Our bus system is also vitally important, and securing continued funding for the network of bus lines that serve so many people is essential. It is also imperative that we develop and fund an integrated strategy for bringing people to light rail – a strategy that includes good planning for bus connections and bicycle and pedestrian facilities that bring people to the stations without having to depend on cars. Over the last several years, Sound Transit has moved steadily towards a more sophisticated approach to access — integrating bicycle and pedestrian access and moving towards a parking strategy that includes charging for parking spaces. In several Board retreats, I have led the effort to develop this new policy approach, and we are beginning to see it take hold with commitments like the ped/bike bridge at Northgate.
Transit Oriented Development: ST and the region have also begun to fully embrace the reality that the people who live around the station are the most faithful ridership base, and that Transit Oriented Development (TOD) is a great way to reduce dependence on the automobile and give people extra resources to be able to afford housing as their transportation costs are reduced. Seattle, Capitol Hill, and Sound Transit embraced such a vision in the Capitol Hill Station Development Agreement, which adds density in return for affordable housing and community benefits. King County is prepared to convert its Northgate Park and Ride into new housing. The region’s Growing Transit Communities plans offer a next step in this direction, a step that Seattle is leading on with our own new Transit Communities Policies, added to the Comprehensive Plan last year.
I’ve played a pivotal role in bringing about this integration – it’s great to be wearing two complementary hats, as Chair of the Council’s Planning and Land Use Committee and a Sound Transit Board member. Things are moving in the right direction. But we have much work to do to truly realize the integrated vision for great communities served by great transit. I’m looking forward to making that work happen over the next four years, with updating neighborhood plans, implementing new ideas for parking and development like those Alan Durning has outlined in his recent work, and working with our communities to help them get the ‘essential components of livability’ that make density truly work.
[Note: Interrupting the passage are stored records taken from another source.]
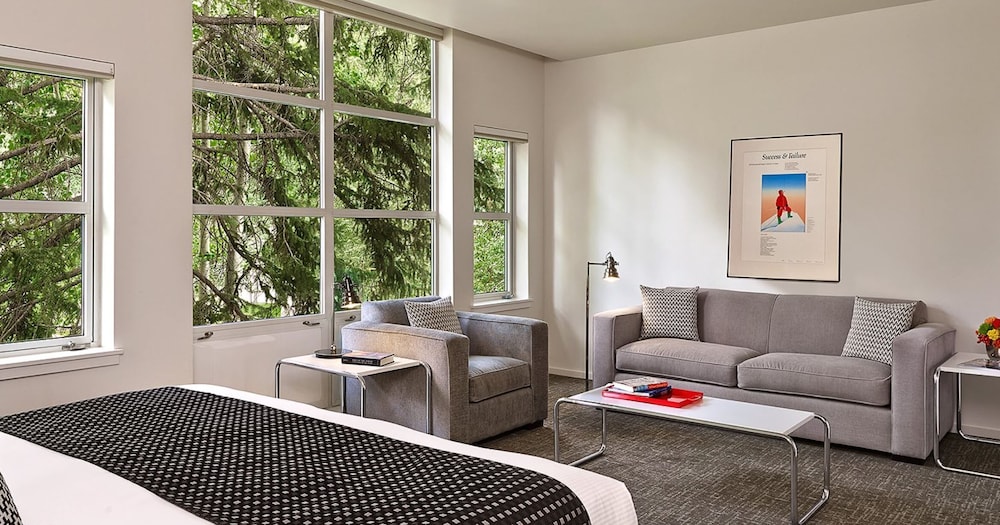 Aspen Meadows Resort 38/68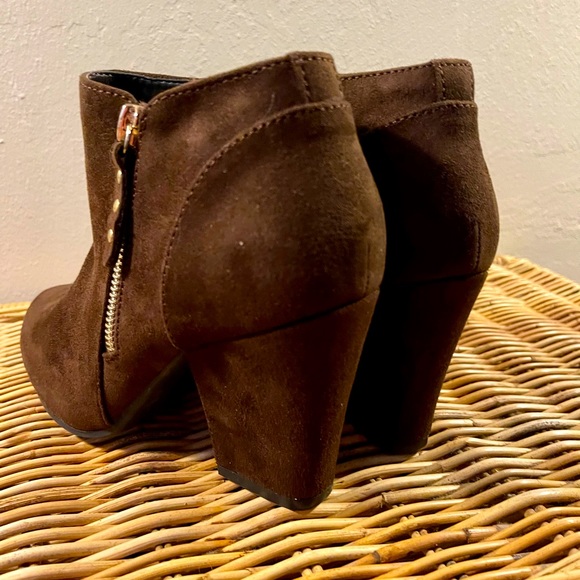 La Halle booties. Synthetic brown suede, double zipper.  NWT SIZE 38 - Picture 3 of 11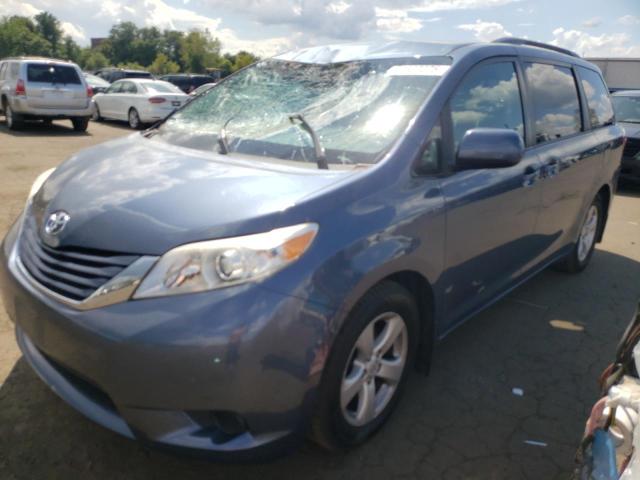 2015 TOYOTA SIENNA LE, 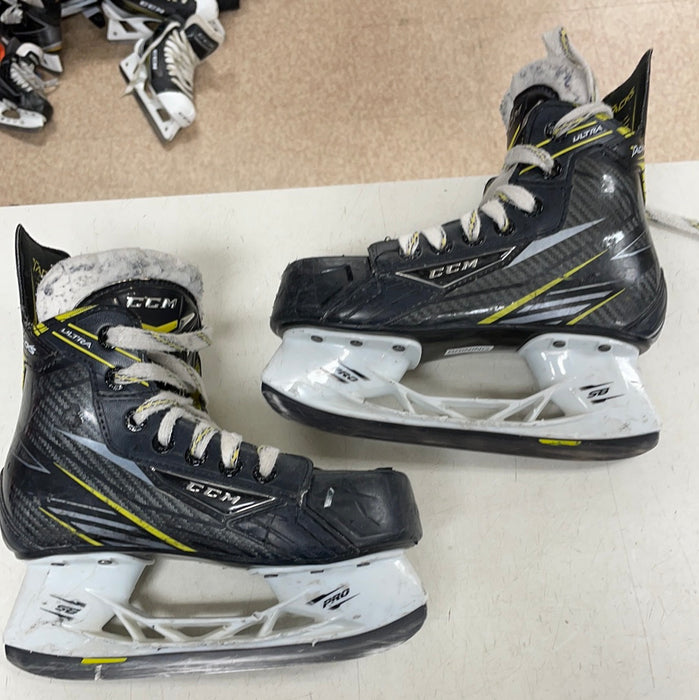 Used CCM SuperTacks 13.5D Youth Player Skates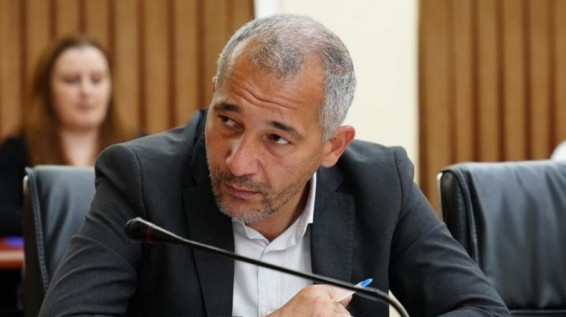 Քաղաքապետարանի պաշտոնյայի նկատմամբ սահմանվել է վարչական հսկողություն, գրավ և չբացակայելու արգելք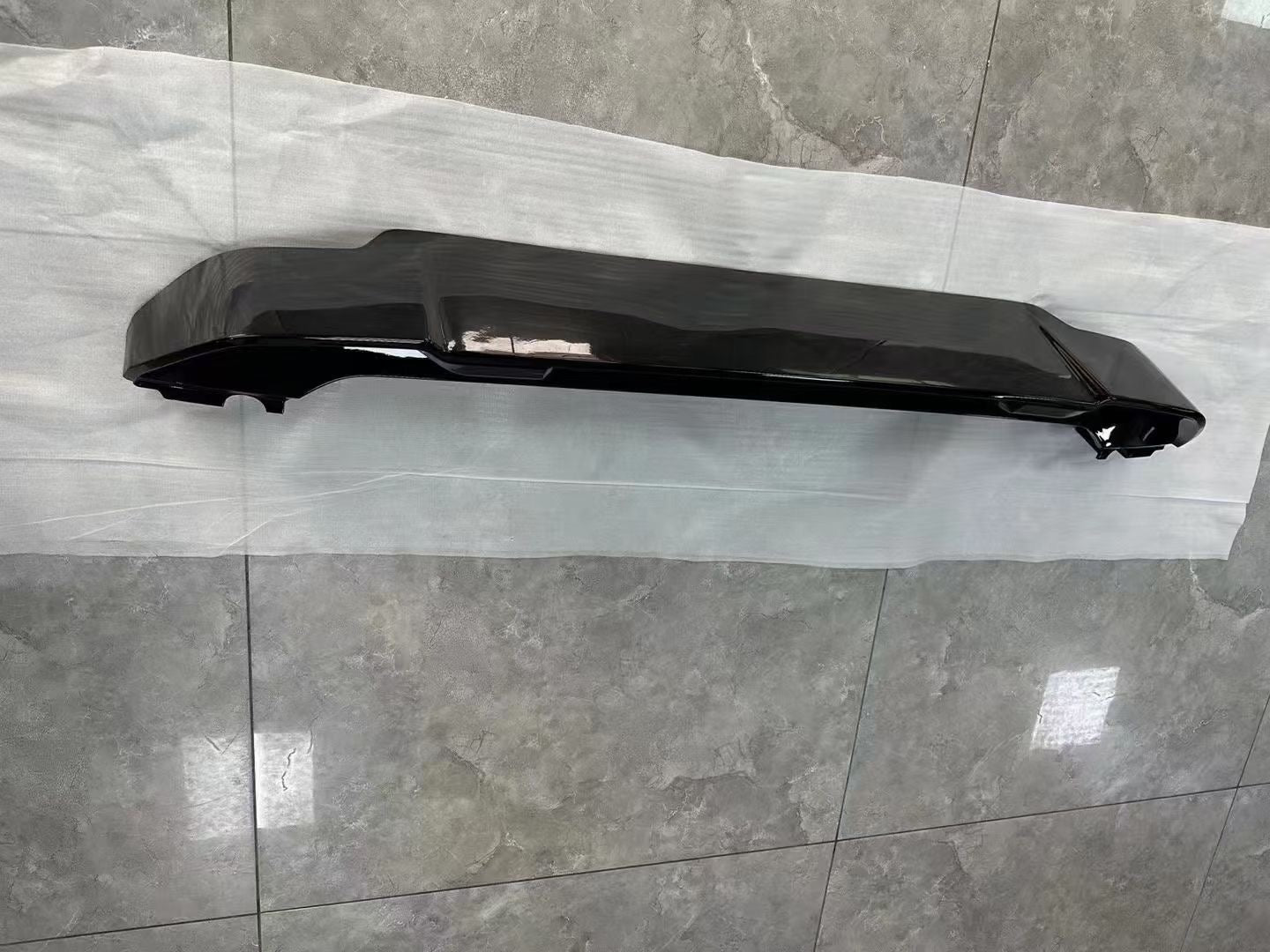 Roof spoiler for new Land Rover Defender L663 90 / 110 2020+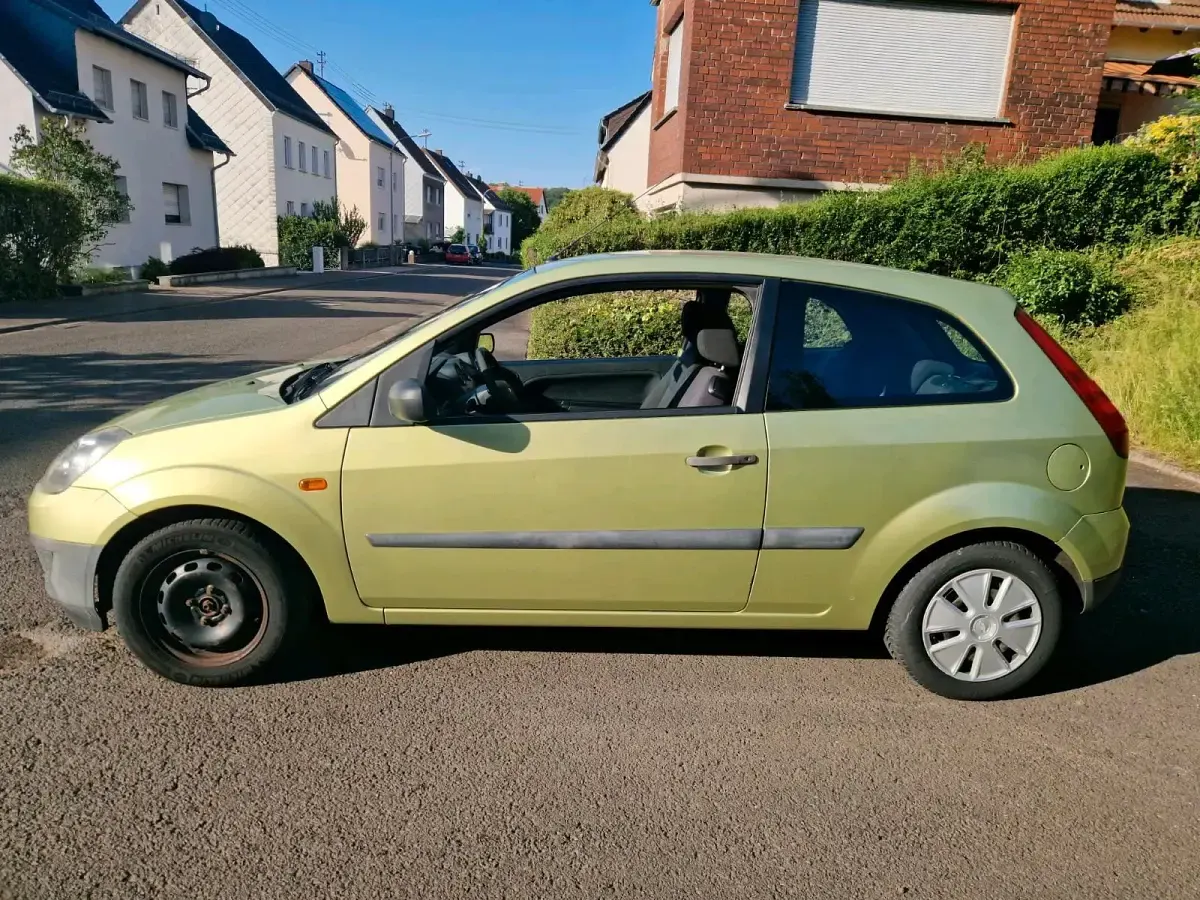 Gebraucht Ford Fiesta 60 PS (44 kW) 2005 Grün Kleinwagen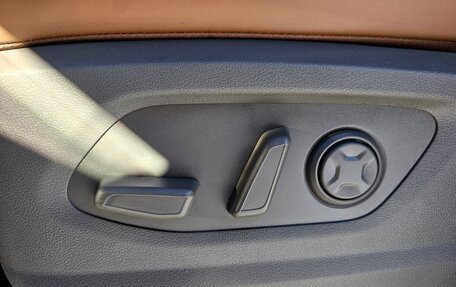 Hyundai Staria, 2022 год, 6 070 000 рублей, 15 фотография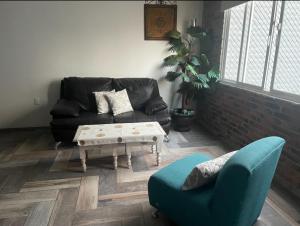 Cris Apartamento Nuevo y amplio Tlalnepantla 2-3 per, 5min CDMX Metro Rosario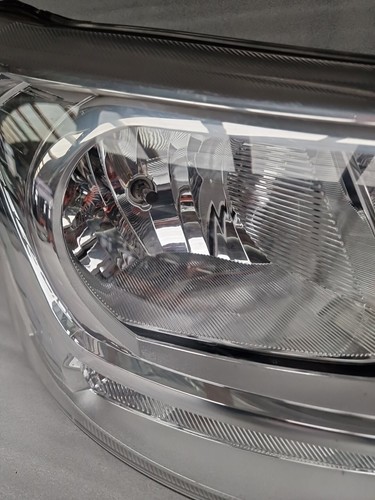 Ford Transit MK8 (2014-2019) Right Side Headlight BK3113W029AB (20)Scratches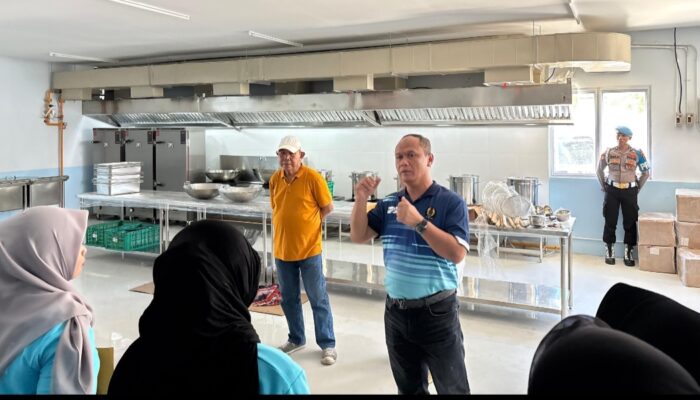 Kapolda ditinjau Kesiapan SPPG Alai, Tekankan Standar Kesehatan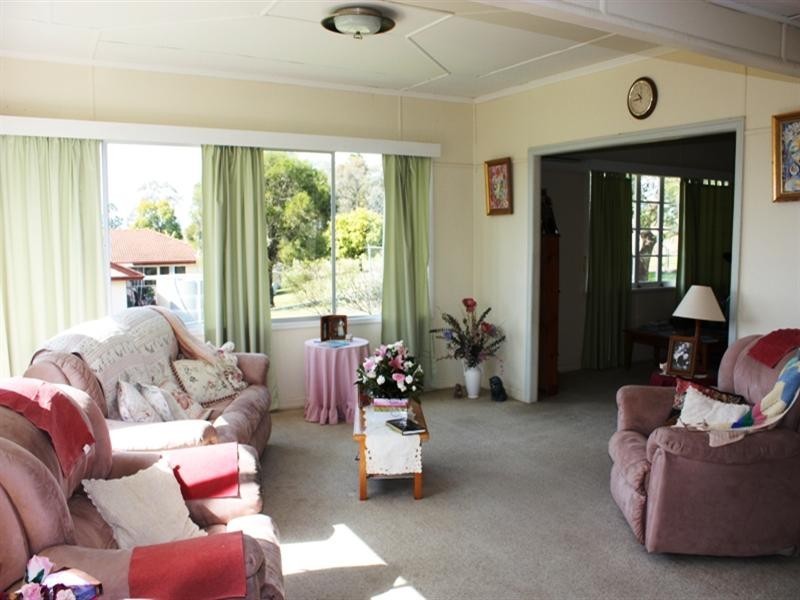 68-70 Fulham Street, Toogoolawah QLD 4313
In 2005, the Roosevelt neighborhood showed the way towards this new vision when they demanded that light rail not hug the freeway, but travel through the heart of the community – the ‘YIMFY’ movement (Yes, In My Front Yard). While we lost some of that good will with poor management of the Roosevelt zoning update, I’m convinced that we can still win it back with careful and thoughtful work with that community as we move into the next stages of transit community development. You can depend on me to work effectively to implement all of these key components of a great transit system. That means a great core rail system and a systematic access approach that reduces automobile dependence. It also means great neighborhoods that embrace density while reaping the community benefits of affordable housing and the essential accompanying targeted investments in public safety, parks, libraries and community building.
The author is a current Seattle City Councilmember, Chair of the Council Planning and Land Use Committee, and a Sound Transit board member.